[Raw data Boundary: Start]

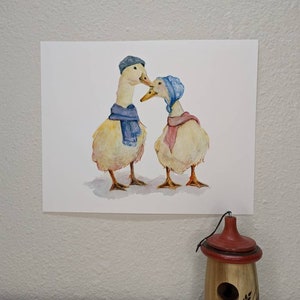 K&ouml;nnte beinhalten: Ein Aquarellbild von zwei Enten, die blaue und rosa H&uuml;te und Schals tragen. Die Enten schauen sich an und scheinen sich anzusehen.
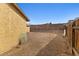 View of the backyard with fencing and house exterior at 204 Cimarron Ct, Henderson, NV 89002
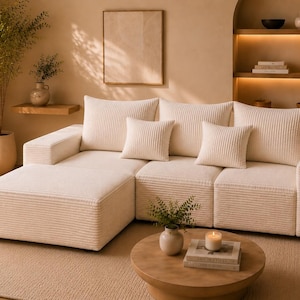 May include: A cream-colored sectional sofa with corduroy texture, featuring a chaise lounge and four square throw pillows. A round wooden coffee table holds a candle and books. The room has a neutral color palette.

[Raw data Boundary: End]

* What you should do
Reproduce the material in full, word for word, and omit the pictures.

* Response for this exercise
 K&ouml;nnte beinhalten: Ein Aquarellbild von zwei Enten, die blaue und rosa H&uuml;te und Schals tragen. Die Enten schauen sich an und scheinen sich anzusehen.
 View of the backyard with fencing and house exterior at 204 Cimarron Ct, Henderson, NV 89002
 May include: A cream-colored sectional sofa with corduroy texture, featuring a chaise lounge and four square throw pillows. A round wooden coffee table holds a candle and books. The room has a neutral color palette.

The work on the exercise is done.